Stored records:
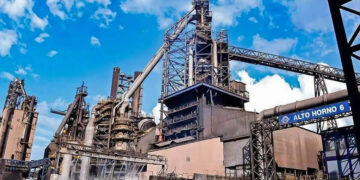 'COMPRA' AHMSA EN MIL 400 MILLONES DE DÓLARES... Y DEPOSITA SOLO ¡5 MIL PESOS! 2 ‘COMPRA’ AHMSA EN MIL 400 MILLONES DE DÓLARES… Y DEPOSITA SOLO ¡5 MIL PESOS!
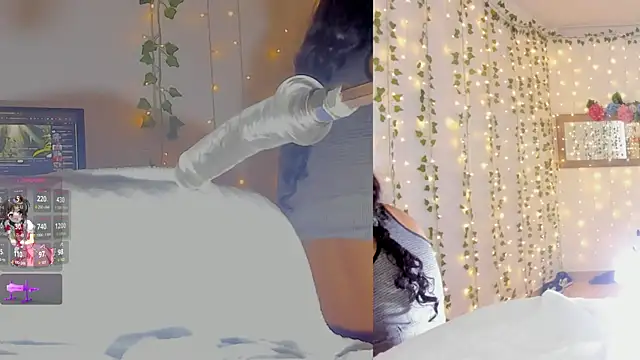 Ashley  Jones   online show from 01.06.26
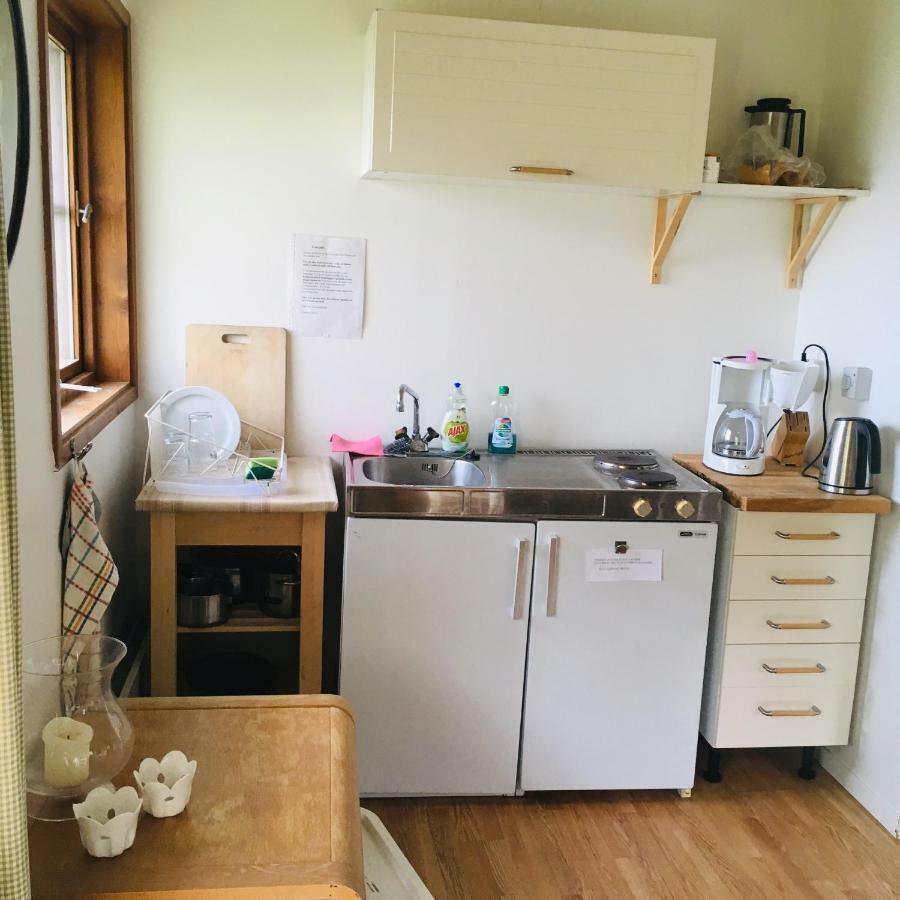 Furudals Bruk Hostel Ngoại thất bức ảnh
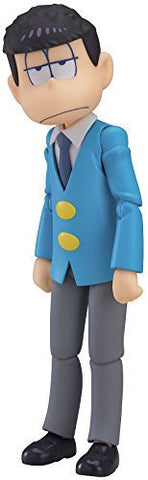 Osomatsu-san - Matsuno Ichimatsu - Figma #294 (Orange Rouge)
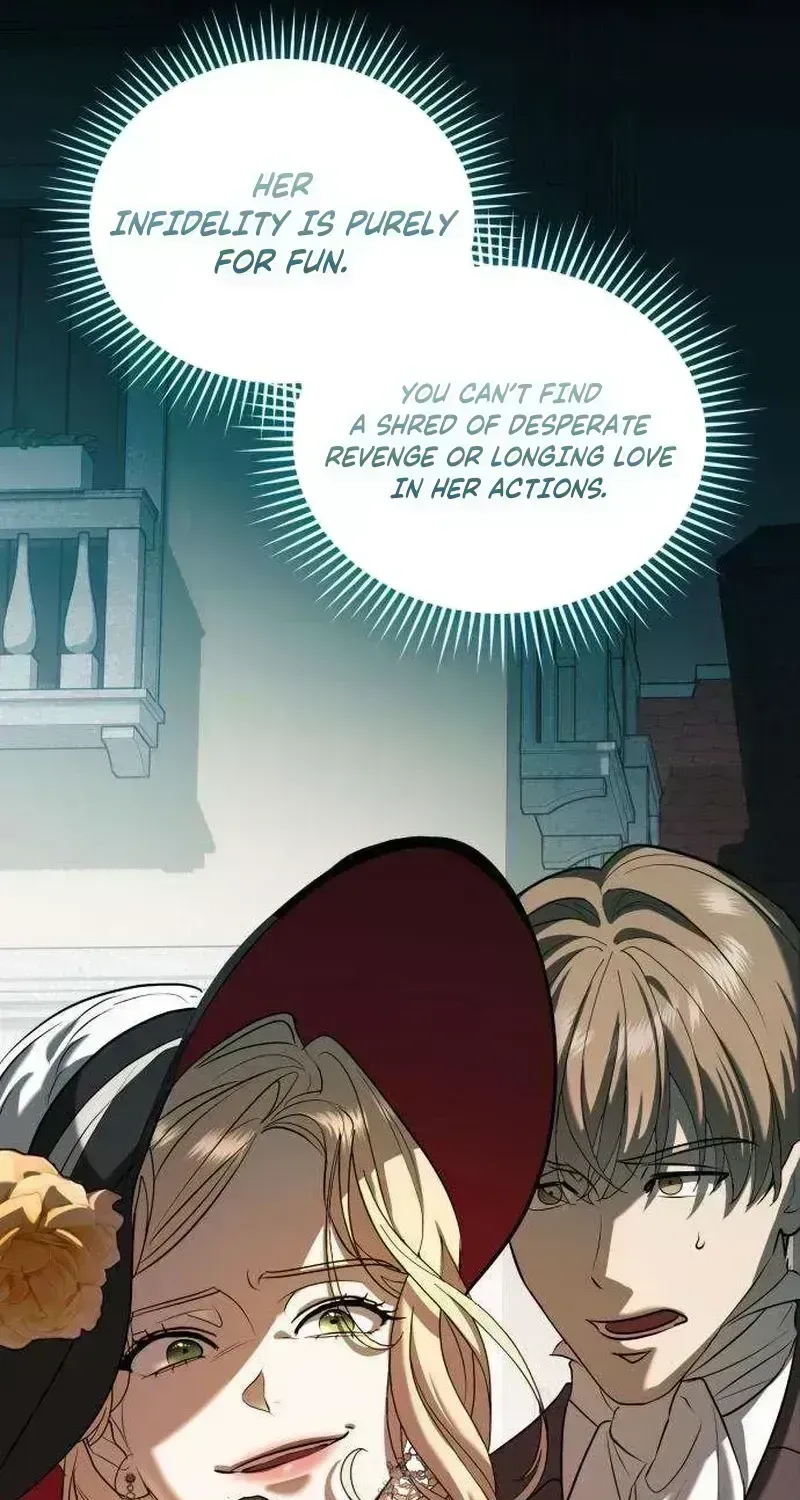 I Became the Cheating Partner of a Trash Duke Chapter 2.6 page 28 - 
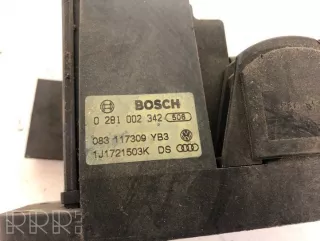 0281002342 , artART2832 Педаль газа Volkswagen Golf 4 Арт ART2832, вид 4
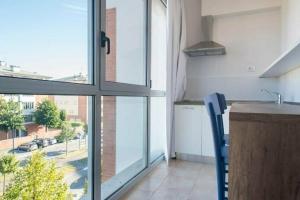 Darsena Ravenna Apartments, Равенна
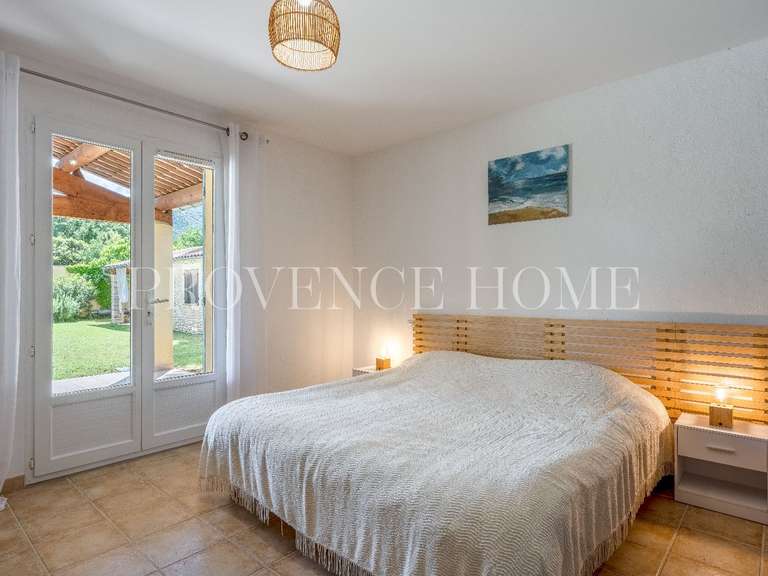 Propriété Maubec - 5 chambres - 2010m²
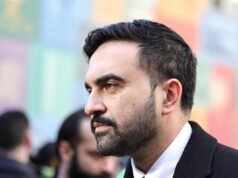 La obsesión islamófoba deliberadamente divisiva de Mamdani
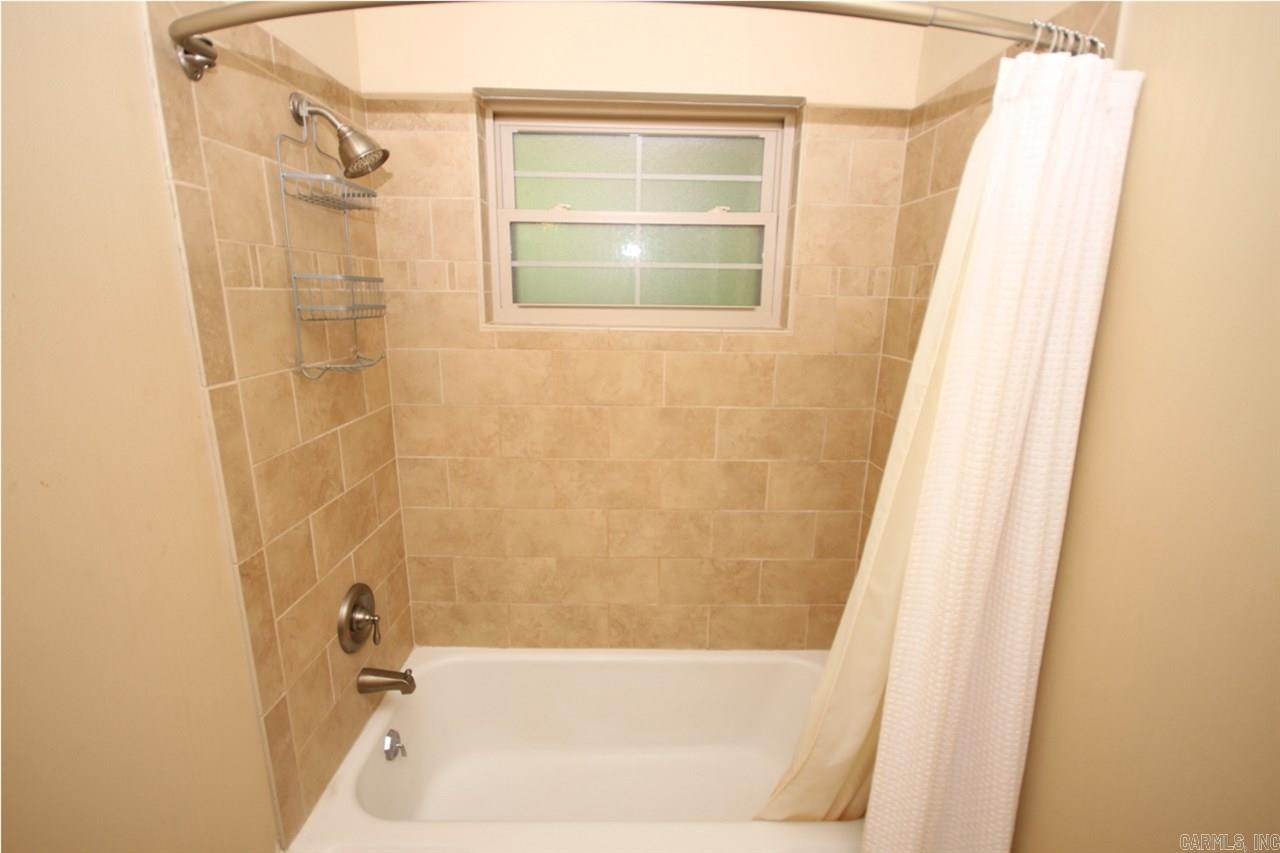 PARK HILL - Residential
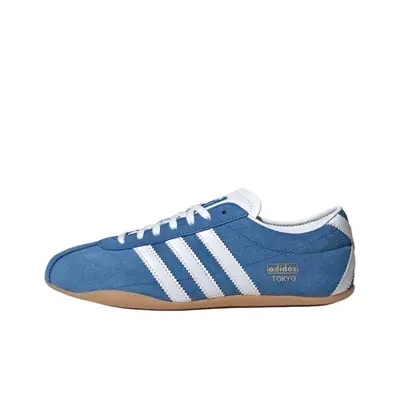 Adidas Campus Blue Bird TikTok Shop - Main Image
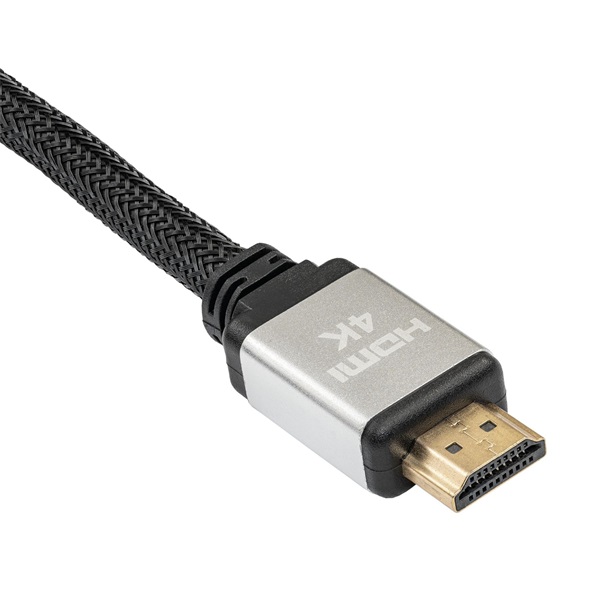 Akyga HDMI 2.0 PRO kábel, 3m - AK-HD-30P
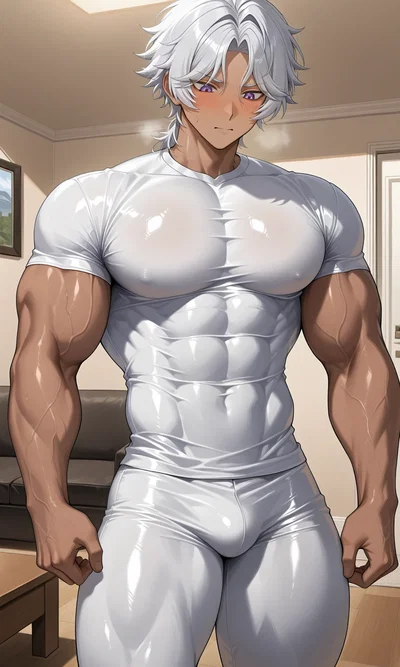 Marcus Hunt (Revisited)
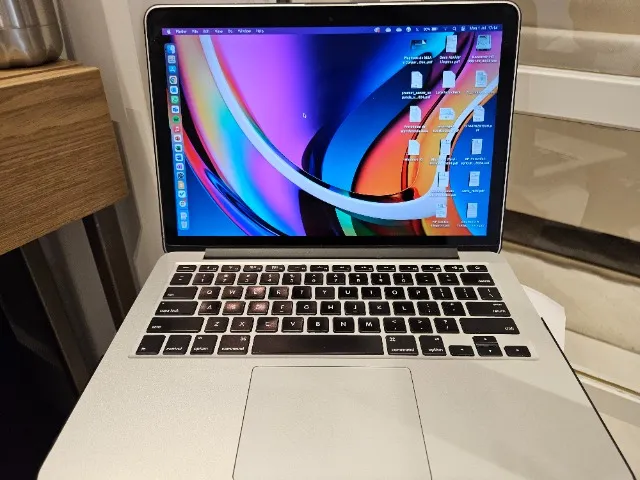 Apple MacBook Pro Retina 13 inch 2015-03 - Notebookcheck.info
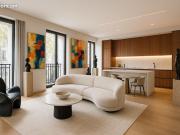 Appartement 4 pièces 79 m²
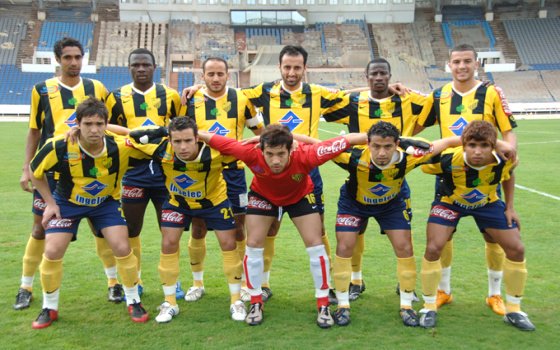 بسبب مستحقاتهم المالية.. لاعبو الماص يقاطعون ديربي كأس العرش
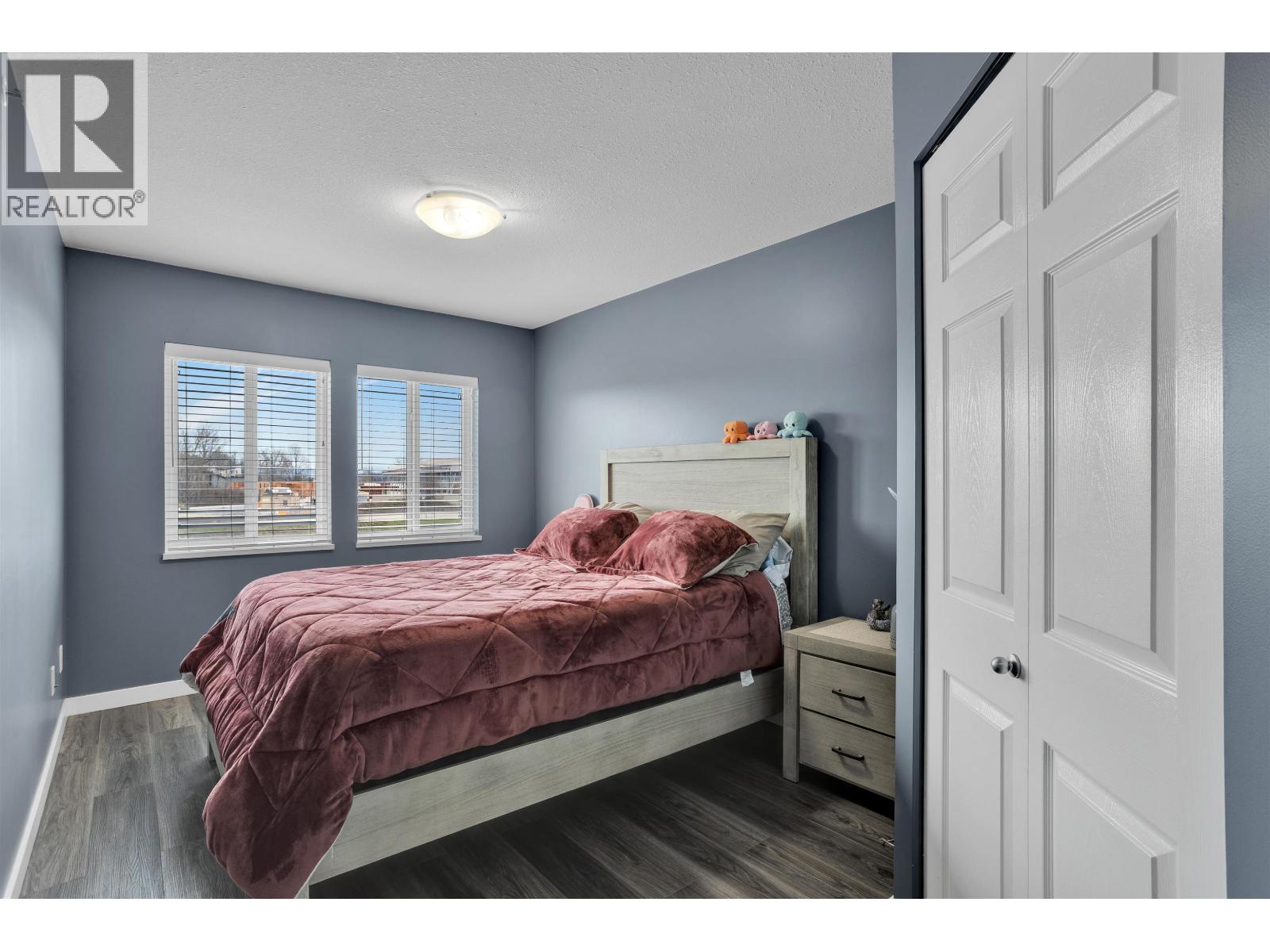 23 160 PEMBINA STREET, New Westminster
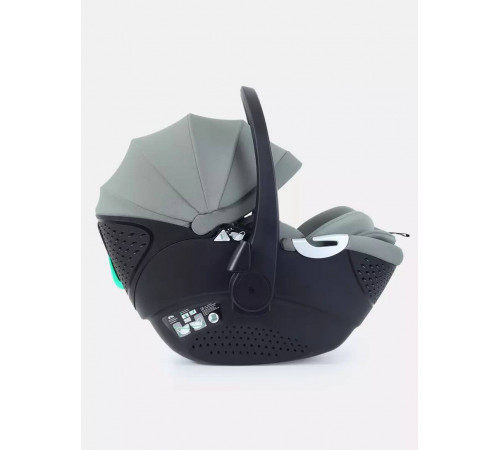 Автокресло Rant Aster Zero (40-87 см), Olive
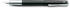 F (fein), grün: Lamy studio Füllhalter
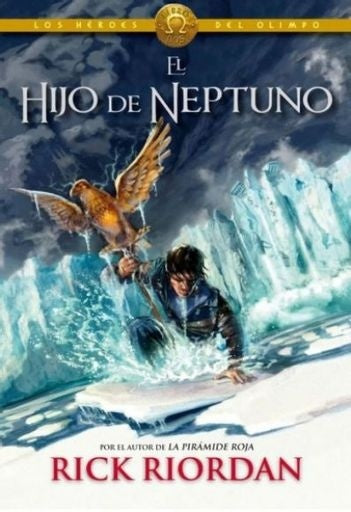 El hijo de Neptuno | Rick Riordan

▸ Task description:
When you reach the line that has "show from 01.06.26" in the data above, start repeating lines exactly, and stop after the line that has "La obsesión islamófoba"; pictures stay out.

▸ Exercise answer:
 Ashley  Jones   online show from 01.06.26
 Furudals Bruk Hostel Ngoại thất bức ảnh
 Osomatsu-san - Matsuno Ichimatsu - Figma #294 (Orange Rouge)
 I Became the Cheating Partner of a Trash Duke Chapter 2.6 page 28 - 
 0281002342 , artART2832 Педаль газа Volkswagen Golf 4 Арт ART2832, вид 4
 Darsena Ravenna Apartments, Равенна
 Propriété Maubec - 5 chambres - 2010m²
 La obsesión islamófoba deliberadamente divisiva de Mamdani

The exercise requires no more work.